What you will discover, of course, is that "parsing" isn't enough; you'll still need to build symbol tables, and carry out control and data flow analyses if you are going to do serious analysis of the corresponding code. See my essay on LifeAfterParsing.

You will also likely have to take into account "distinguished" functions that provide key runtime facilities to the particular programming languages that actually generated the CIL code. And these will make your analyzers language-dependent. Yes, you still get to share the part of the analysis that works on generic CIL.

1
AIVoid On

As far as I know, it's not possible to build AST from binary (without sources) since AST itself generated by parser as part of compilation process from sources. Mono.Cecil won't help because you can only modify opcodes/metadata with them, not analyze assembly.

But since it's .NET you can dump IL code from dll with help of ildasm. Then you can pass generated sources to any parser with CIL dictionary hooked up and get AST from parser. The problem is that as far as I know there is only one publically available CIL grammar for parser, so you don't really have a choice. And ECMA-355 is big enough so it's bad idea to write your own grammar. So I can suggest you only one solution:

  1. Pass assembly to ildasm.exe to get CIL.
  2. Then pass CIL to ANTLR v3 parser with this CIL grammar wired up (note it's a little bit outdated - grammar created at 2004 and latest CIL specification is 2006, but CIL doesn't really change to much)
  3. After that you can freely access AST generated by ANTLR

Note that you will need ANTLR v3 not v4, since grammar written for 3rd version, and it's hardly possible to port it to v4 without good knowledge of ANTLR syntax.

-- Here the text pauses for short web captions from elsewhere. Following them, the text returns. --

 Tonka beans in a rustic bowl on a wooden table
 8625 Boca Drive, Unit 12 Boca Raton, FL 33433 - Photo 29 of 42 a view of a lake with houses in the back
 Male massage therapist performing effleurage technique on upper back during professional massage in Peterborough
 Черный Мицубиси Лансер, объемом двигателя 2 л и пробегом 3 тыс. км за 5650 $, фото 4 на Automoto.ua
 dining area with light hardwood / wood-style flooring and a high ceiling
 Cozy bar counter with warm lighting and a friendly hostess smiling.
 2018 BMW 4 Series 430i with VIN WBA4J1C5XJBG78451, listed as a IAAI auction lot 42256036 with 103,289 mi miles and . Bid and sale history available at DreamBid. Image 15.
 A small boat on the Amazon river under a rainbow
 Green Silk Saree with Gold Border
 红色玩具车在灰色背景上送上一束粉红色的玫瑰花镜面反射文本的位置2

Also you can try to look into new Microsoft ryujit compiler sources at github (part of CoreCLR) - I don't sure that it's helps, but in theory it must contains CIL grammar and parser implementations since it works with CIL code. But it's written in CPP, have enormous code base and lacks of documentation since it's in active development stage, so it's may be easier to stuck with ANTLR.

0
svick On

The CCI Code Model is somewhere between a IL disassembler and full C# decompiler: it gives your code some structure (e.g. if statements and expressions), but it also contains some low level stack operations like push and pop.

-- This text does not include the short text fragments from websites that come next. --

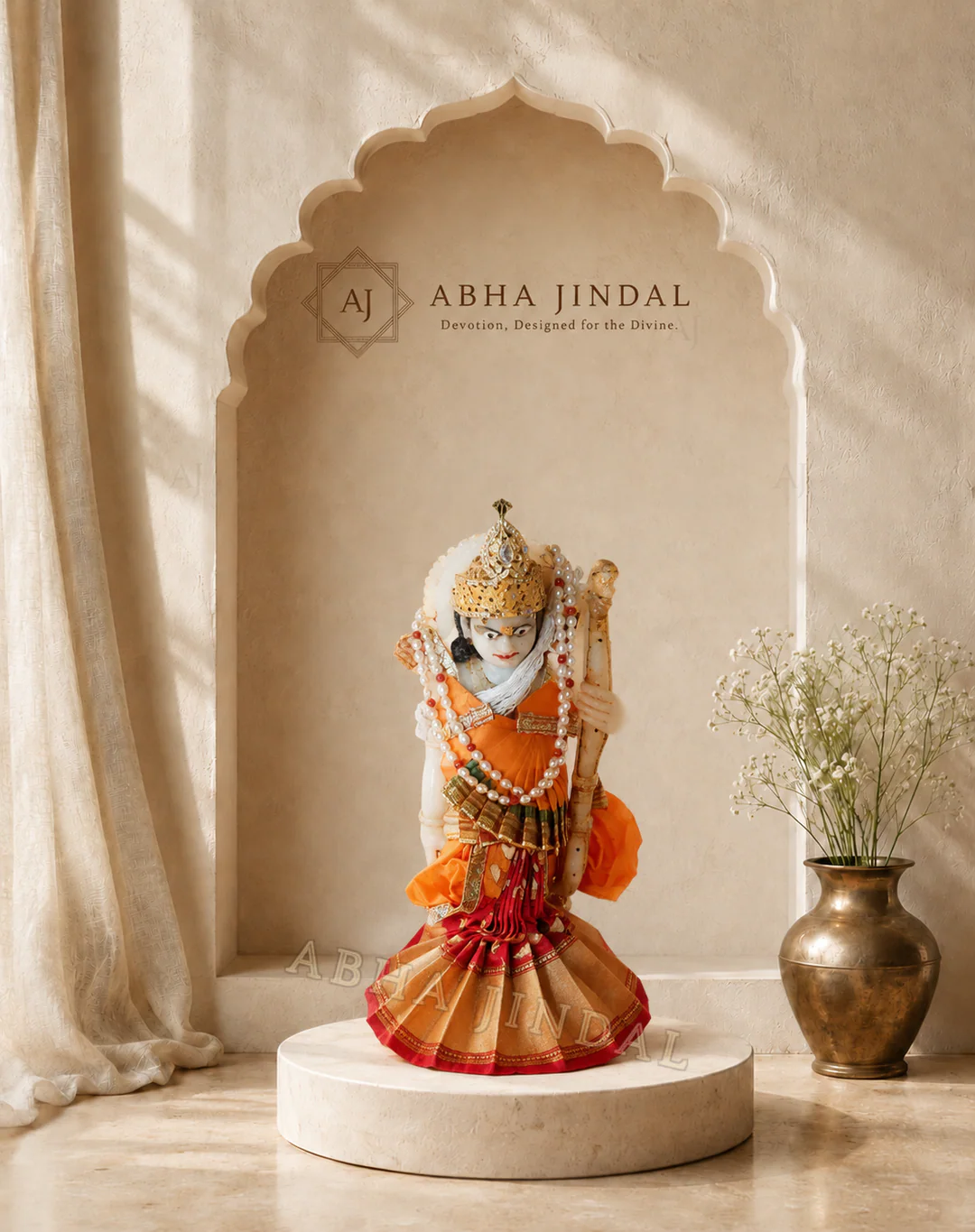 Saraswati Ji in saffron-red tiered shringar with pearl-white bead strands, gold-tone accents and a tall crown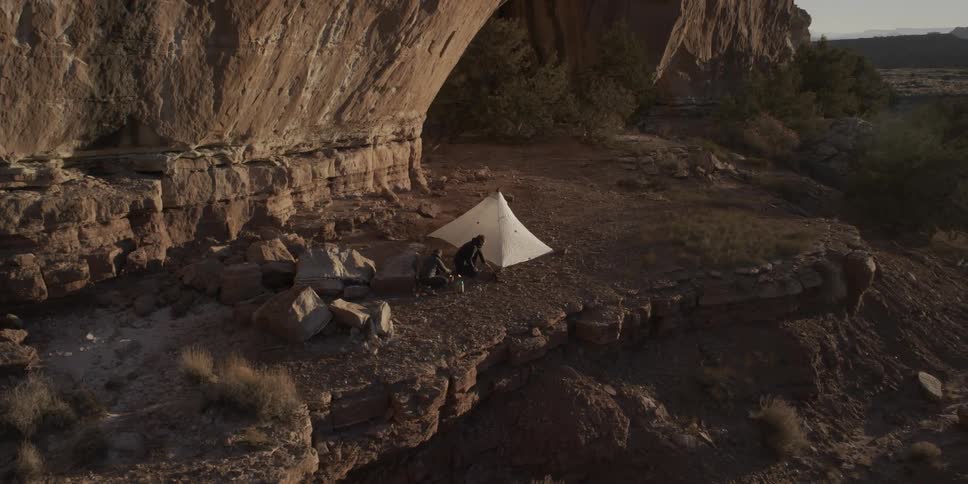 A person below is setting up a tent near a cavern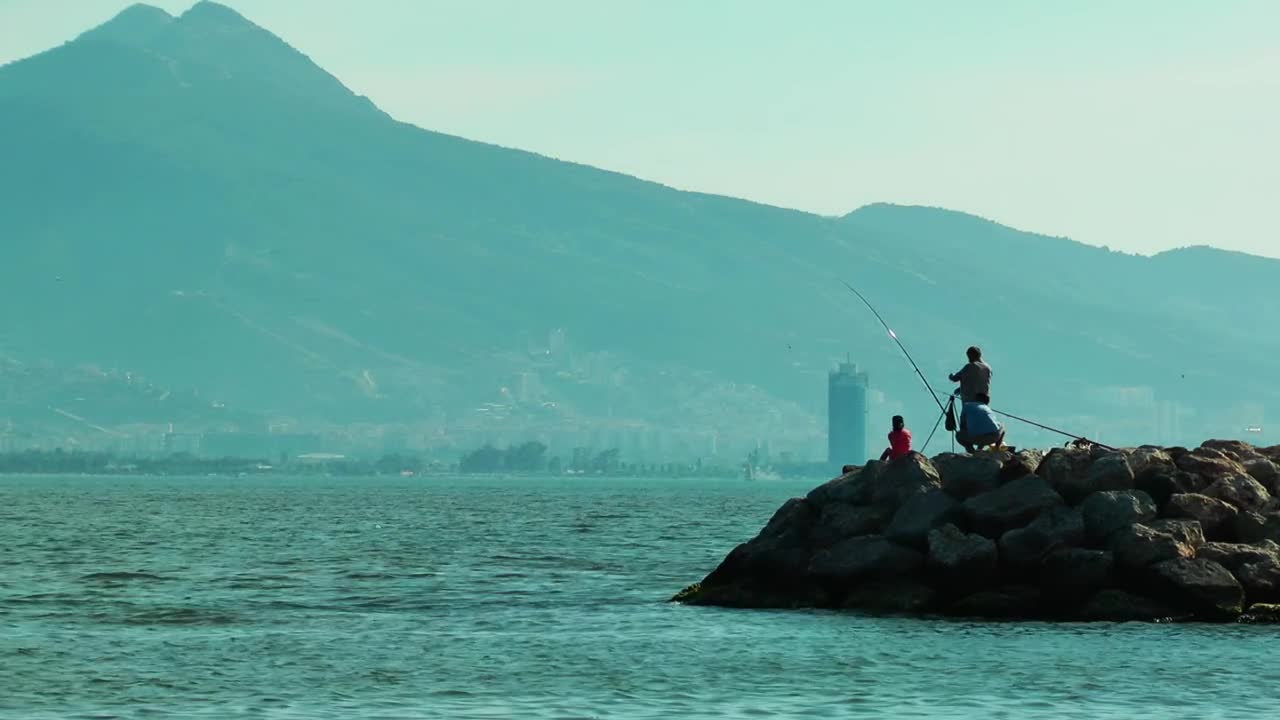 Download Stock Video People Fishing At The Seashore Live Wallpaper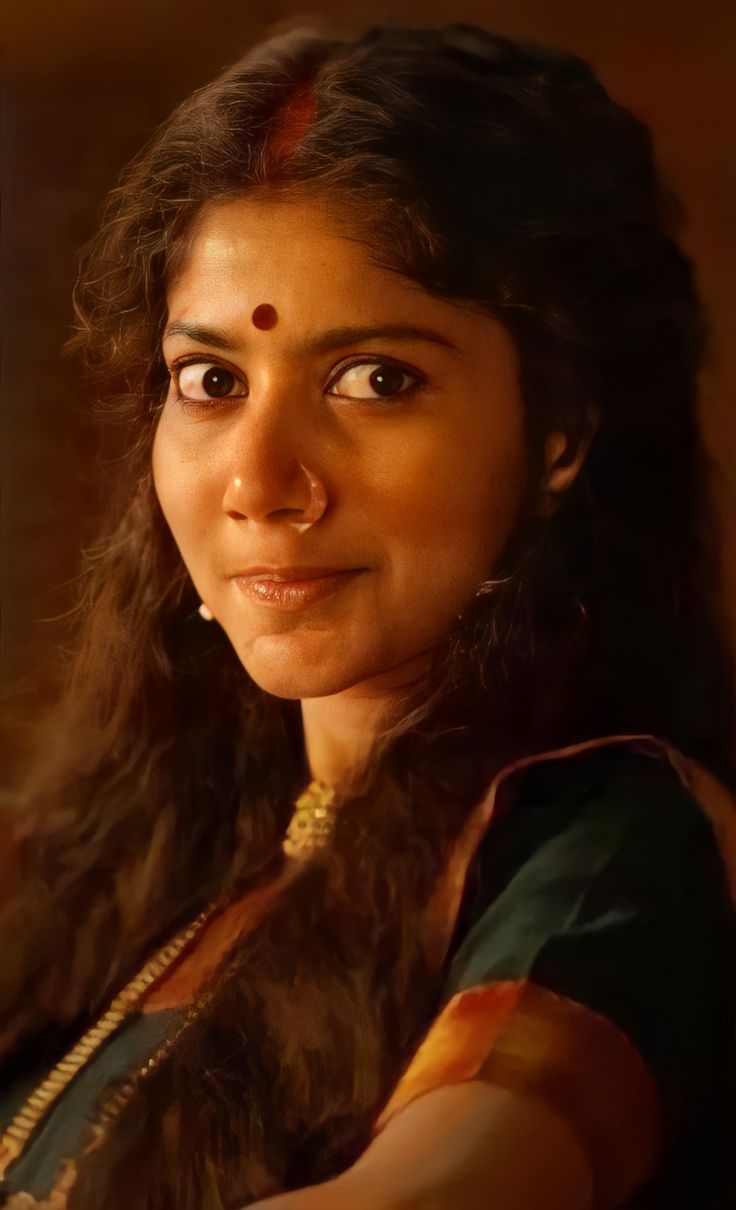 a woman with long dark hair wearing a green sari and gold necklace looking at the camera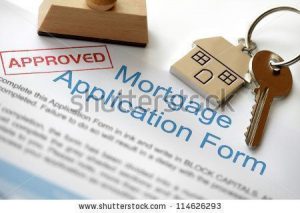 stock-photo-approved-mortgage-loan-application-with-house-key-and-rubber-stamp-114626293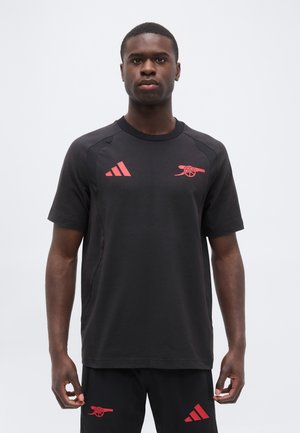 Mężczyzna stoi ubrany w czarną odzież sportową z czerwonym działem klubu piłkarskiego Arsenal i logo Adidas na koszulce i szortach.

CCI contains a sample that shows this: PeToText.

For example, to get Code Model for the first method of the Program type (in the global namespace), you could use code like this:

string fileName = "whatever.exe";

using (var host = new PeReader.DefaultHost())
{
    var module = (IModule)host.LoadUnitFrom(fileName);
    var type = (ITypeDefinition)module.UnitNamespaceRoot.Members
        .Single(m => m.Name.Value == "Program");
    var method = (IMethodDefinition)type.Members.First();
    var methodBody = new SourceMethodBody(method.Body, host, null, null);
}

To demonstrate, if you decompile the above code and show it using PeToText, you're going to get:

Microsoft.Cci.ITypeDefinition local_3;
Microsoft.Cci.ILToCodeModel.SourceMethodBody local_5;
string local_0 = "C:\\code\\tmp\\nuget tmp 2015\\bin\\Debug\\nuget tmp 2015.exe";
Microsoft.Cci.PeReader.DefaultHost local_1 = new Microsoft.Cci.PeReader.DefaultHost();
try
{
    push (Microsoft.Cci.IModule)local_1.LoadUnitFrom(local_0).UnitNamespaceRoot.Members;
    push Program.<>c.<>9__0_0;
    if (dup == default(System.Func<Microsoft.Cci.INamespaceMember, bool>))
    {
        pop;
        push Program.<>c.<>9.<Main0>b__0_0;
        Program.<>c.<>9__0_0 = dup;
    }
    local_3 = (Microsoft.Cci.ITypeDefinition)System.Linq.Enumerable.Single<Microsoft.Cci.INamespaceMember>(pop, pop);
    local_5 = new Microsoft.Cci.ILToCodeModel.SourceMethodBody((Microsoft.Cci.IMethodDefinition)System.Linq.Enumerable.First<Microsoft.Cci.ITypeDefinitionMember>(local_3.Members).Body, local_1, (Microsoft.Cci.ISourceLocationProvider)null, (Microsoft.Cci.ILocalScopeProvider)null, 0);
}
finally
{
    if (local_1 != default(Microsoft.Cci.PeReader.DefaultHost))
    {
        local_1.Dispose();
    }
}

Of note are all those push, pop and dup statements and the lambda caching condition.